Jasne tylko tacy spece jak Rybiński doprowadzili do kosmicznego zadłużenia wewnętrznego polski.Jego dzieci i wnuki będą spłacać ten dług pracując do 80-tki.Może zamiast zwiększać fiskalizacje obywateli zredukować wydatki na zbrojenia i utrzymanie armii która nie jest w stanie obronić kraju przed niczym.Nie wydawać kasy na wojne za rope dla USA,zredukować liczbe urzedników bo 1 urzędas przypada na 60 statystycznych polaków,i wreszcie zrównać w prawach rolników ,dać im normalne emerytury i pobierać normalne skłądki.
Natter
/ 2009-10-23 11:29
/
Tysiącznik na forum
Niestety Rybiński powiedział coś nad czym należy się zastanowić.skąd wziąć pieniądze? Z wyliczenia i wykresu że 1 bln zł deficytu osiagniemy już 2012 r.Czym załatać tę dziurę?Oczywiście podatkami i oszczędnościami.Nie należy wracać do systemów z czasów socjalizmu ,ale jedną rzecz bym rozważył.Przy obecnymwzroście bezrobocia.Praca owszem ale jedna a następne etaty powinny być dodatkowo opodatkowane np.po10%.Posypią się gromy na ten pomysł- oczywiście ale niekażdy ma układy żeby mieć chałturę na kilku etatach
Bernard+
/ 213.238.83.* / 2009-10-26 13:15
I to byłoby dla nas Podatników bardzo dobre, bo zamiast płacić podatki jak dziś na kilkadziesiąt tysięcy zbędnych urzędników z pensją 5000zł i z kosztem utrzymania klimatyzowanych biur , świadczeniami socjalnymi dietami i delegacjami drugie 5000zł po zwolnieniu zbędnych urzędników wystarczyłoby na każdego zwolnionego urzędnika tylko 1000zł zasiłku dla bezrobotnego, więc zaoszczędzilibyśmy na każdym zwolnionym urzędasie 4000zł kosztów płacowych i 5000zł kosztów utrzymania miejsc pracy a sprzedając zbędne biurka komputery i wynajmując zwolnione pomieszczenia powstałby jeszcze dodatkowy dochód dla budżetu.

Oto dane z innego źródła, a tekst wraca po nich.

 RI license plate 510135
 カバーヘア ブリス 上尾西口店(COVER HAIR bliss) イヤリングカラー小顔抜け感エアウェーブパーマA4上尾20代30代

Nater twój pomysł jest bardzo skomplikowany do realizacji a sprowadza się do jednego do progresji podatkowej. Prościej jest z powrotem wprowadzić 3-ci próg podatkowy np. 40 % powyżej 180 lub 200 tys. dochodu rocznego a dla zmniejszenia liczby klientów różnych urzędów pomocy społecznej przyznających kilkunastozłotowe zasiłki należy równocześnie podwyższyć kwotę wolną od podatku do np. 12 000zł rocznie czyli ktoś kto miałby dochody miesięczne niższe niż 1000zł miesięcznie nie płaciłby w ogóle podatku i dzięki temu można by znacząco zmniejszyć zatrudnienie urzędników zarówno w aparacie skarbowym jak i w urzędach pomocy społecznej. Zamiast kosztownego w wykonaniu urzędników wypłacania najuboższym rodzinom zasiłków rodzinnych na dzieci należy wprowadzić od nowego roku również wyższą kwotę wolną od podatku na każde wychowywane w rodzinie dziecko wynoszącą 500zł miesięcznie czyli podatek zmalałby wtedy o 19% tej kwoty a więc o 95 złotych bez opłacania urzędników sprawdzających czy rodzina jest na tyle biedna aby jej taki zasiłek wypłacić. W zamian za to rodzina bogatsza o wyższych dochodach i tak oddałaby tę kwotę podatku powrotem do budżetu, bo gdy od wyższych dochodów jest progresywna skala podatkowa to w pierwszym rzędzie następuje zwrot wcześniej odliczonych ulg podatkowych, więc np. powyżej 36 000zł rocznie skala podatkowa powinna wynosić 22% i tym sposobem bez zatrudniania urzędników każda rodzina biedna płaciłaby mniej podatku a każda bogatsza więcej ale wszystkie miałyby warunki do utrzymywania i wychowywania dzieci co jest niezbędne aby z powodów demograficznych za 20 lat nie załamał się nie tylko system emerytalny ale aby nie załamała się cała gospodarka państwa Polskiego. Dlatego wszystkie dzieci powinny dostać w szkole bezpłatny komplet podręczników zakupiony z wyższych podatków rodzin zamożniejszych i darmowe śniadanie złożone np. z bułki masłem i szklanki mleka, kakao lub herbaty albo talerz zupy z kromka chleba. Tym sposobem bez utrzymywania armii kosztownych a wiecznie niezadowolonych urzędników Państwo Polskie zapewniłoby minimum socjalne wszystkim dzieciom a koszty utrzymywania administracji zostałyby zredukowane o utrzymywanie co najmniej 100 tysięcy urzędników.